Fall is the perfect time to plant shrubbery and trees. They improve your yard in many ways.
Q. I live in a brick house on the corner of two busy cut through streets. On the south-facing side of my house and yard, I want to plant some evergreen trees or shrubbery for privacy and noise reduction. Could you recommend some of either? Leyland cypress and white pine are not my choice. J.M., Lynchburg
A. Evergreens with needles instead of broad leaves do the best job of reducing traffic noise and many options are available. Trees to consider are Norway spruce, Japanese cedar (cryptomeria), Atlas cedar and natives such as Eastern red cedar and Virginia pine. Two arborvitae trees are also worth considering: Emerald Green and the taller Green Giant. Mixing shrubbery with the trees will help control noise near the ground, and large, vigorous Chinese junipers such as Hetzi, Sea Green and Pfitzeriana are good choices. Golden yellow Japanese false cypress shrubs will provide contrast with the blue, gray and green of the other plants. To direct road noise up and away from your home, it is best to plant shorter shrubs near the road and taller ones toward your yard.
Q. My 15 full grown Leyland cypress trees planted 10 feet apart provide a wind barrier for my yard. They are so gorgeous and have provided homes and shelter for many birds. This year, something has caused a rust coloring of branches, starting on the interior. My internet search identified three main diseases for Leylands: root rot, canker and blight. Could you suggest someone I might call to diagnose my trees? P.L., Lynchburg
A. You could call a tree care worker certified by the International Society of Arboriculture. They are likely to have training in tree disease diagnosis and treatment, and many certified arborists operate in the Lynchburg area. Browning of interior branchlets is probably normal as Leyland cypress ages.

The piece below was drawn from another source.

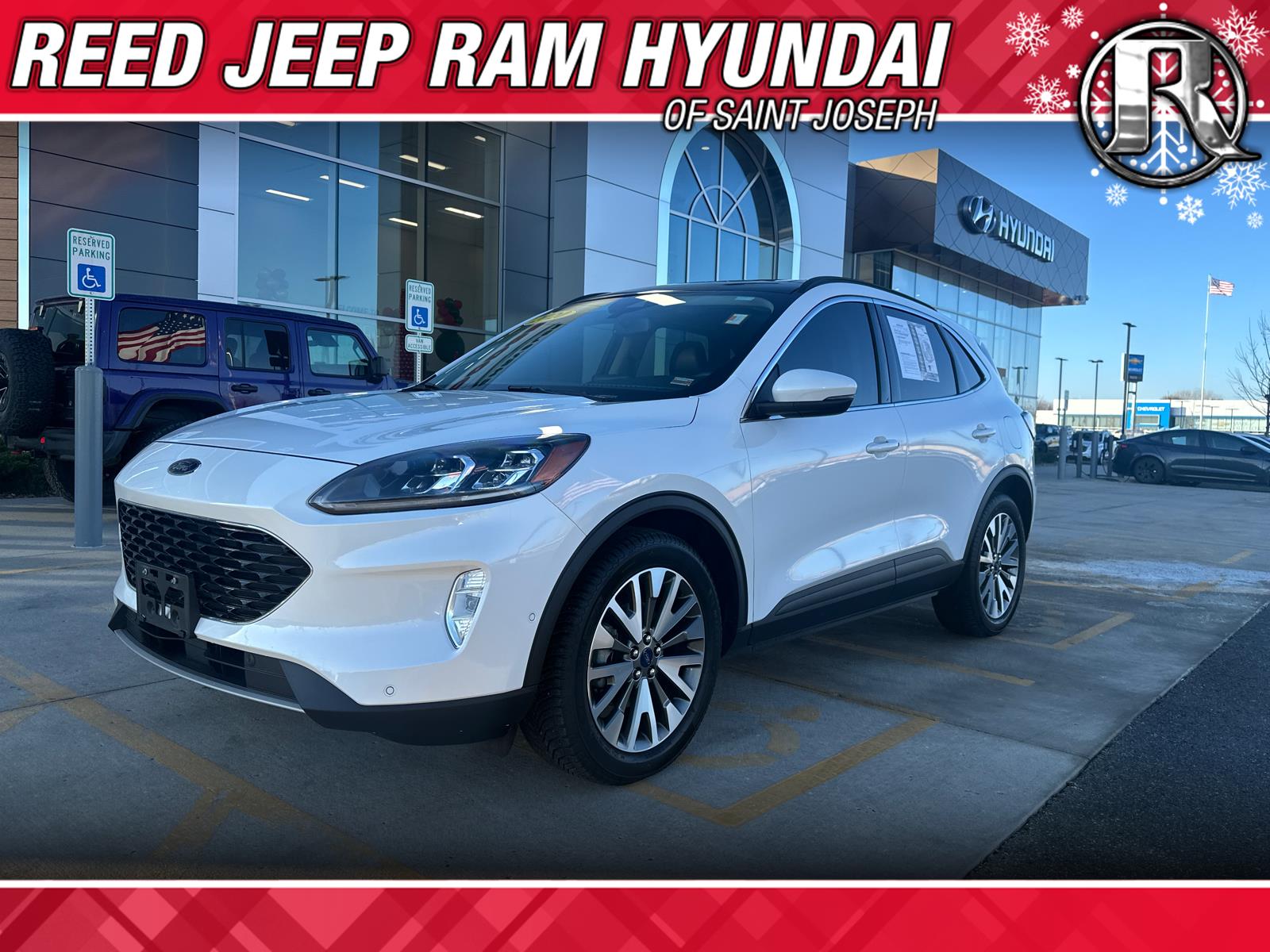 2020 Ford Escape Titanium's photo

Q. Can you tell me the name of the plant in my attached photo? I’ve had it for a long time and it bloomed once with little white flowers. I also would like to know some information about it. M.T., Lynchburg
A. Your houseplant looks like a member of the spider wort family called basket plant and Callisia fragrans. Its leaves resemble those of a dracaena and its old name was Tradescantia dracaenoides. Baby plants grow on its long runners, which are attractive hanging over the edge of a pot or basket. This native of Mexico has waxy white flowers with the fragrance of hyacinths.
Q. My Christmas cactus continues to develop new growth, but it will not bloom. I have had it for several years. What am I doing wrong? B.M., Lynchburg
A. Perhaps temperature has not been meeting your plant’s needs. Exposure to cool temperatures from 50 to 60 degrees will make Christmas cactus form flower buds. Flowering does not occur when temperatures are above 70 degrees, the normal temperature in most homes.